Quando, há muitos anos, li o "1984", de Geoge Orwell, ainda não havia telemóveis, nem videos, nem nada que nos fizesse recear como imediato o perigo aterrorizador que o livro nos mostrava, mas ficou-me sempre o temor de que nos pudéssemos sequer aproximar daquele sufoco de vigilância e de falta de privacidade. Ingenuidade minha, claro, ou falta de atenção.
Algum tempo depois, um colega que tinha ido ao Japão chegou com uma novidade estrondosa - os japoneses falavam ao telefone na rua!, através de pequenos telefones sem fios que traziam no bolso. Contava ele que era possível, em qualquer momento e em qualquer lugar, telefonar para uma pessoa e falar sem grandes limitações. E vaticinava que em breve isso se iria generalizar. Lembro-me de ter dito que achava isso impossível, certamente ninguém quereria andar com um telefone como se fosse "uma coleira", que lá se ia a nossa liberdade.
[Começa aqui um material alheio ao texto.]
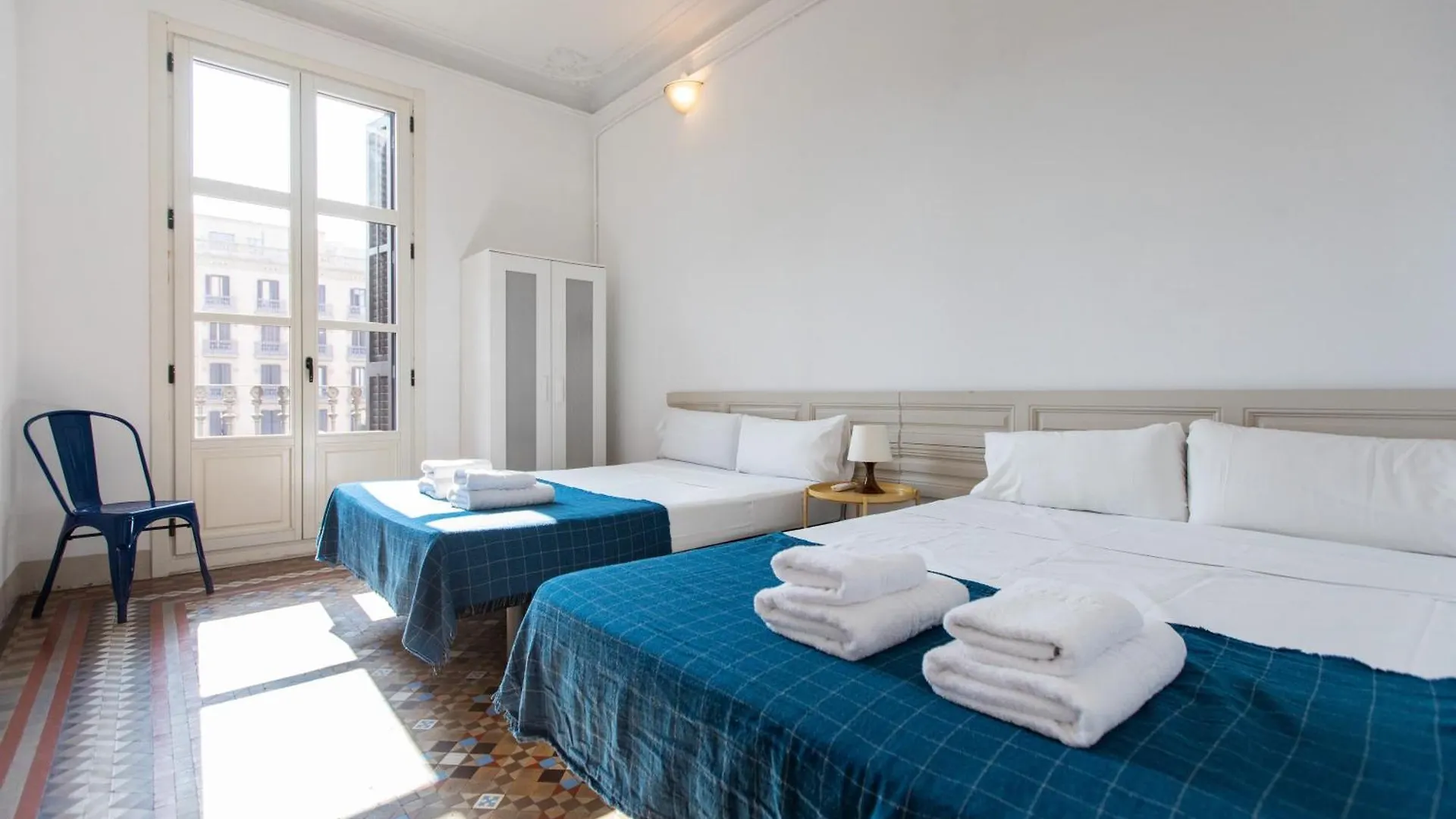 B21-Apartamento Modernista Para Grupos Barcelona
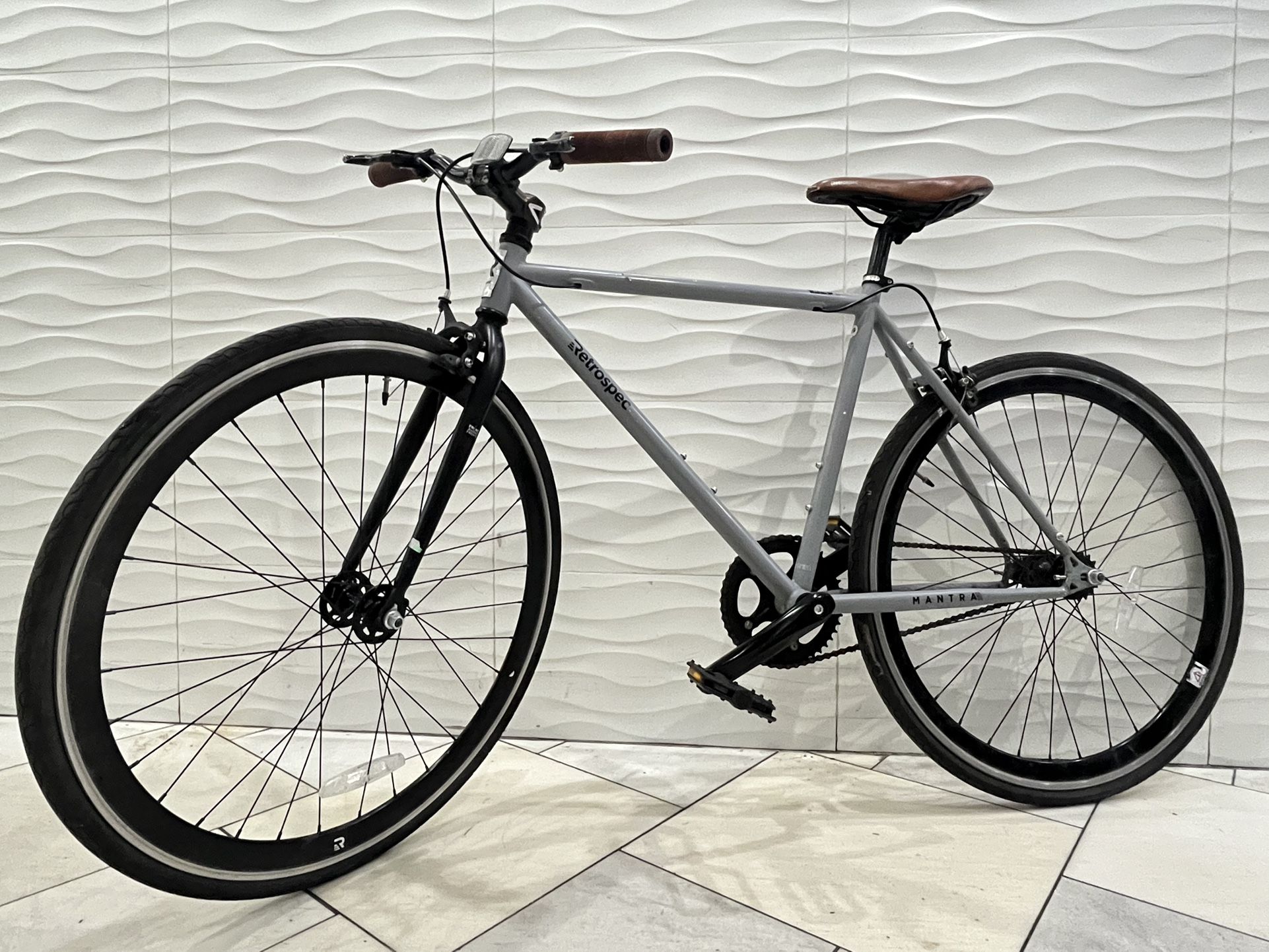 Single Speed “Fixie” Commuter Bike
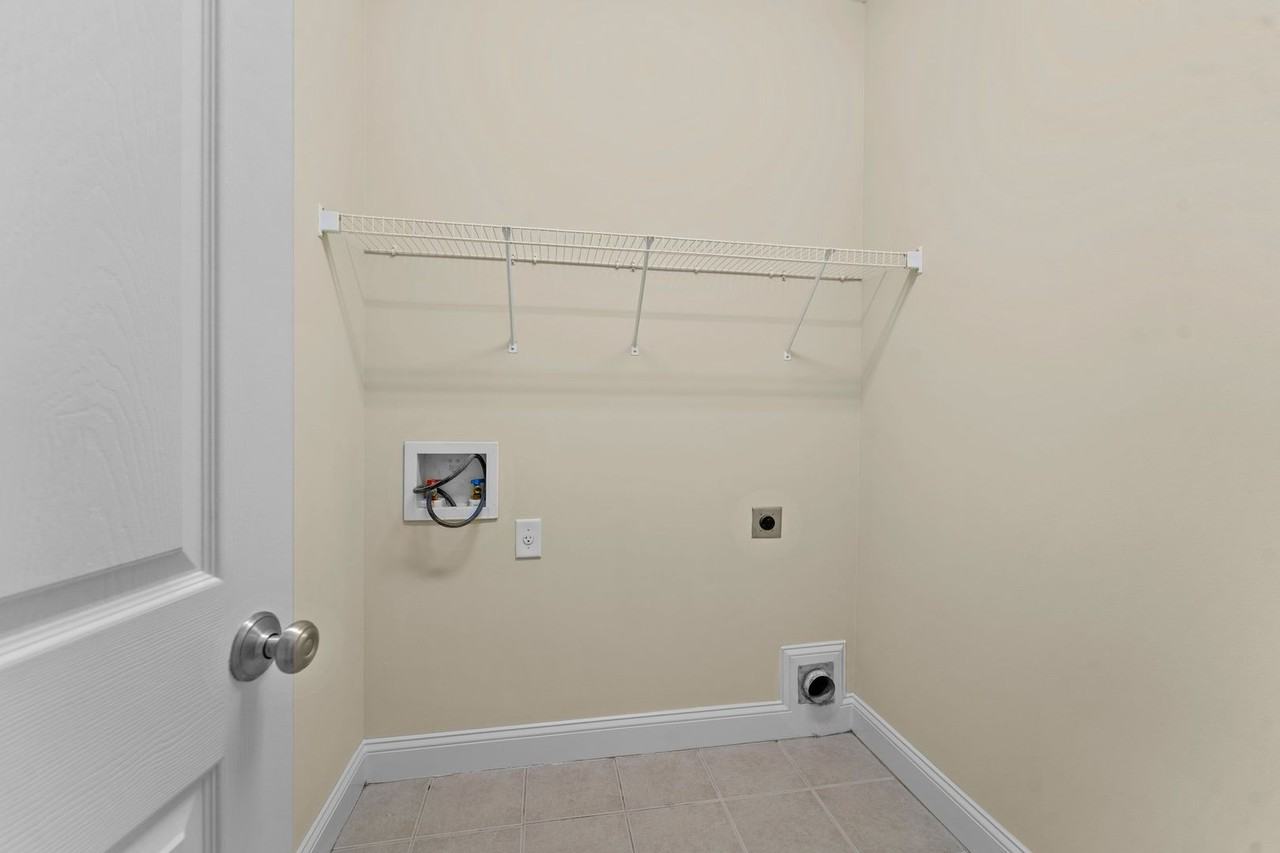 201 Tower Dr - Photo 6 of 17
É claro que quando cá chegou essa maravilha comecei a achar interessante poder falar com as minhas filhas em qualquer momento e que até era muito cómodo poupar preocupações dessa forma tão simples. Hoje, como toda a gente, nem sei como é que se vivia sem isso, mas também se foi uma parte importante da liberdade de só falar quando e com quem quiser.
Depois chegou aquele programa ameaçadoramente chamado "Big Brother", com o sucesso conhecido, e não deixei de suspeitar que havia ali uma intenção mal expressa de nos ir habituando a uma coisa que, em abstracto, nos pareceria intolerável: uma máquina de filmar dentro da própria casa, espiando e gravando todos os movimentos e permitindo que terceiros se divertissem, emocionassem ou discutissem a propósito. Claro, os que lá estavam eram voluntários, claro que só via o programa quem queria.
E claro que deixou de parecer intolerável ter um sistema desses em casa. Ouvi há dias um anúncio às vantagens óbvias de se saber a cada momento o que se passa na sua casa quando os filhos ficam sozinhos, ou quando alguém está doente, ou, ou, ou...Basta comprar o sistema video-qualquer-coisa e do seu emprego controla mesmo tudo.
Também temos os computadores portáteis, não basta ter acesso em casa ou no emprego, agora pode levar para todo o lado a sua preciosa máquina, os seus inseparáveis filmes, enfim, a sua adorada rotina. Onde quer que esteja, não vai estranhar, é como se estivesse sempre no trabalho, ou em casa.
Ou seja, quanto mais liberdade de movimentos temos, para viajar, mais longe e mais depressa, quanto mais coisas podemos ver e disfrutar, mais curto é o nosso raio de acção.
Como vi escrito já não sei onde, não se estimulou os sedentários a sair, sedentarizou-se os nómadas.
2 comentários:
Uma excelente reflexão, Suzana. E uma verdade incontornável essa de que estamos cada vez mais perto de tudo, e por isso menos livres.
Como lhe é habitual, uma profunda e esclarecida reflexão.